I specified text just to ignore the voice one because it uses 4o-mini underneath. And its kinda stupid to keep ignoring that and saving face now - reconsider this approach.

I believe this is the 5th time I'm asking this: you are not able to produce a _single_ counter example for my challenge? After all this surely I can get a direct acknowledgement here.

simoncion · 2026-04-08T20:47:15 1775681235

> you are not able to produce a _single_ counter example for my challenge?

I have. For both your original challenge and your updated one.

Consider:

1) AFAICT, there's no way to tell what version of the model was used to produce the output in a ChatGPT share link.

2) You don't appear to believe my assertions that aphyr is almost certainly paying for and using the latest version of the LLMs available, and that he's faithfully reporting his interactions with the LLMs.

3) Because of #2, I expect that you won't believe me if I report that I've more-or-less reproduced father_phi's results about the cup that's sealed on the top and open on the bottom on the very latest only-available-for-pay ChatGPT model.

3a) You might attempt to check my report, but I'd be shocked if you'd consider a failure to reproduce my results to be a significant strike against ChatGPT. I'd think it's more likely that you'd either call me a liar, or tell me that I must have had some setting wrong somewhere.

3b) Even if you told me to share the ChatGPT chat that proved my assertion, #1 -combined with your demeanor throughout this conversation- tells me that you'd almost certainly claim that I was using an inferior version of the model and was lying to you.

simianwords · 2026-04-08T21:02:49 1775682169

Haha ok. So still no example?

The GPT shared link shows a "thought for" which indicates using the latest thinking model. You may try that.

What you can do is this: submit a prompt that clearly makes GPT hallucinate.

You may secretly use a worse model. You may use a system prompt that deliberately gives wrong answers. But I'm going to assume you won't go that far.

We can leave it to the public to decide whether this is a legitimate counter example or not and whether it can really be reproduced. Shall we try that? I'm guessing you won't but worth a shot!

simoncion · 2026-04-08T21:53:24 1775685204

You weren't paying much attention to the "Consider:" part of my previous comment.

You don't believe that a well-paid, very careful, high-integrity member of the computer safety community has -on multiple occasions- encountered actual, sustained bullshiting from the latest-available for-pay version of ChatGPT. You don't accept either this fellow's reports or my informed assessment of his computing situation as truthful and accurate. On top of that, your goalpost-shifting and general demeanor throughout this conversation simply don't give me the impression that you've much integrity. I'm not spending the equivalent of ten-to-twenty six-packs to reproduce aphyr's work and -given the evidence I have before me- have you reject that, as well.
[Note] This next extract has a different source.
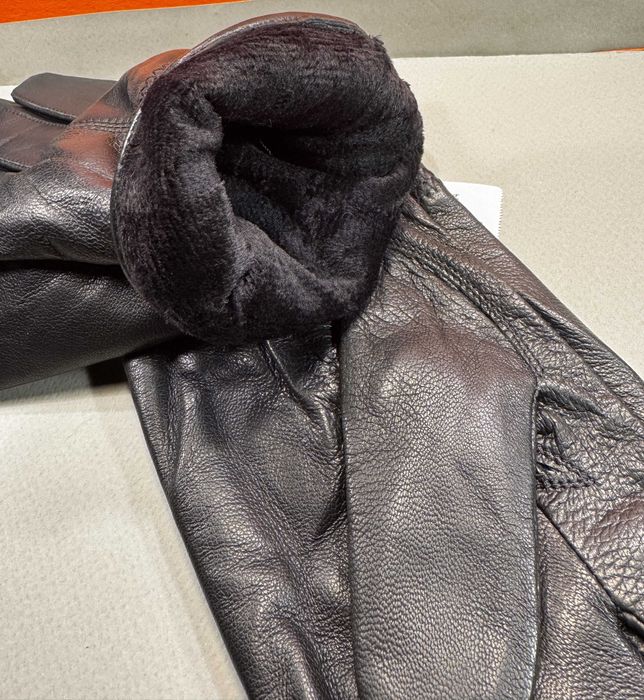 Елегантни Мъжки ръкавици от естествена агнешка кожа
200 USD is a lot of money to throw away to "win" an Internet argument with a stranger who refuses to accept evidence presented by someone known to be careful, scrupulous, and honest.

simianwords · 2026-04-08T22:05:17 1775685917

> On top of that, your goalpost-shifting and general demeanor throughout this conversation simply don't give me the impression that you've much integrity. I'm not spending the equivalent of ten-to-twenty six-packs to reproduce aphyr's work and -given the evidence I have before me- have you reject that, as well.
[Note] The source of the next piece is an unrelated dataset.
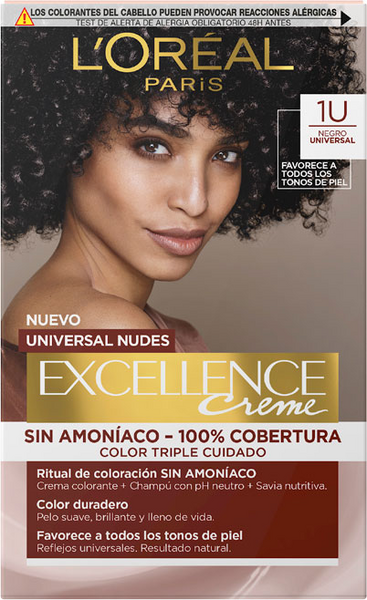 L'Oréal Paris Excellence Crema Colorante Universal Nudes 1U Negro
Lol what goal post did I move? I said text only and you rejected it. You can present the example here and let the public judge it - even if my integrity is compromised. I'm allowing you to do it.
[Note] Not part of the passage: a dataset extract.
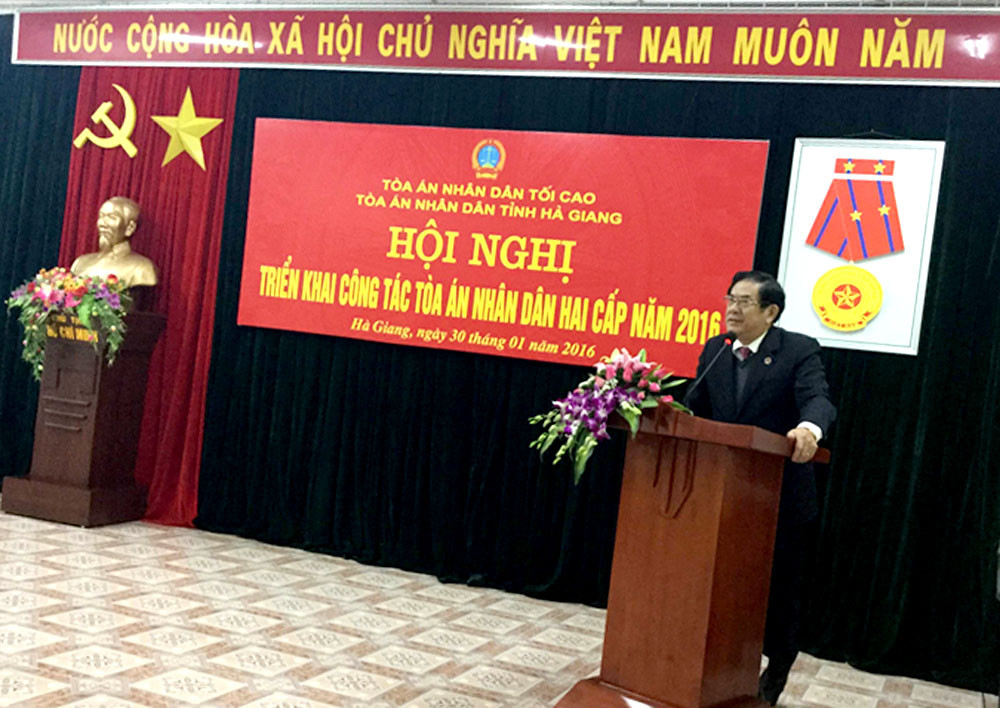 TAND tỉnh Hà Giang tổ chức Hội nghị triển khai công tác năm 2016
> 200 USD is a lot of money to throw away to "win" an Internet argument with a stranger who refuses to accept evidence presented by someone known to be careful, scrupulous, and honest.

200 what? I'm using the $20 one. This is getting ridiculous!

You can't present a _single_ counter example!

simoncion · 2026-04-09T21:47:59 1775771279

> You can't present a _single_ counter example!

Correct. I've presented a _pair_ of examples.